Pada suatu hari, datanglah seorang anak cucunya dengan membawa makanan dan kue ke tempat bapak tua buta tuli tersebut dengan maksud bersilaturahmi dan mengabarkan bahwa di kampungnya sudah lebaran. Terkejutlah bapak tua itu mendengar kabar tersebut. Dengan nada kaget dan tidak percaya bapak tua tesebut berkata “ngaponyo kamu la lebaran sedangkan itonganku belum lebaran sebab ku ngitung jugo bulan puaso ni (kenapa kamu sudah lebaran, sedangkan menurut hitungan saya belum lebaran, sebab saya juga menghitung bulan puasa ini)”.

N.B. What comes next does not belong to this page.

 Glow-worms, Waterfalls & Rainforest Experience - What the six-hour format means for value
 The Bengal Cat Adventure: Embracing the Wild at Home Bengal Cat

Hari berikutnya pergilah bapak tua tersebut kedusun  untuk merayakan lebaran karena didalam pikirannya hari ini waktu yang tepat untuk merayakan lebaran. Sesampai didusun apa yang hendak dikata rupanya idul fitri sudah lima hari berlangsung, sehingga di dusun tersebut sudah tampak sepi. Setelah itu bertandanglah si bapak tua tersebut  kerumah kerabat, teman dan sanak saudaranya. Karena bapak tua bisa mengobati berbagai penyakit dan selalu membawa ramuan obat-obatan bagi yang membutuhkannya, sehingga setiap kali bertandang kerumah warga bapak tua ini selalu di beri kue oleh masyarakat setempat. Setiap deberi kue, kebiasaan bapak tua selalu mendoakan orang yang memberikan kue tersebut yang menurut warga setempat doa bapak tua tersebut selalu dikabulkan oleh Allah SWT.

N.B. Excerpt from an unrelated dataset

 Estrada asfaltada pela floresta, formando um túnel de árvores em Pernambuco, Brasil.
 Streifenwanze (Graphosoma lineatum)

Dengan bergantinya waktu dan perubahan zaman, lama-kelamaan kebudayaan sekujang ini banyak mengalami perubahan. Sampai sekarang kebudayaan sekujang ini masih menjadi tradisi masyarakat  Desa Tapak Gedung. Yang mana setiap malam kedua idul fitri, ada sekelompok pemuda yang berjumlah enam orang yang menyamarkan badan dengan memakai topeng serta berlagak buta, tuli dan pincang mendatangi rumah-rumah warga untuk memintai kue sambil takbiran, menari dan bernyanyi. Adapun nyanyian mereka yaitu: ”jang sekujang minta lemang sebatang ndak ngisi pengut panjang lalahu…….” Nyanyian tersebut diiringi oleh musik rabana yang dimainkan oleh enam orang pemuda tersebut. Setelah diberi kue/makanan, salah seorang dari  mereka berenam ada yang bertugas membaca doa (doa selamat, doa mudah rezki, sesuai yang diminta pemberi kue). Sebagai imbalan bagi warga yang memberi kue sekelompok pemuda tersebut tidak hanya mendoakan warga tapi juga memberikan obat-obatan tradisional bagi yang membutuhkan. Selanjutnya kue yang di kumpulkan oleh enam orang pemuda tersebut di bawa ke masjid untuk jamuan doa, yang kemudian kue-kue tersebut dimakan bersama.
Sampai sekarang tradisi sekujang ini masih tetap di lestarikan oleh masyarakat Tapak Gedung setiap setahun sekali yaitu setiap malam lebaran kedua idul fitri. Masyarakat percaya tradisi sekujang ini dapat membawa berkah dan keselamatan bagi warga masyarakat Tapak Gedung.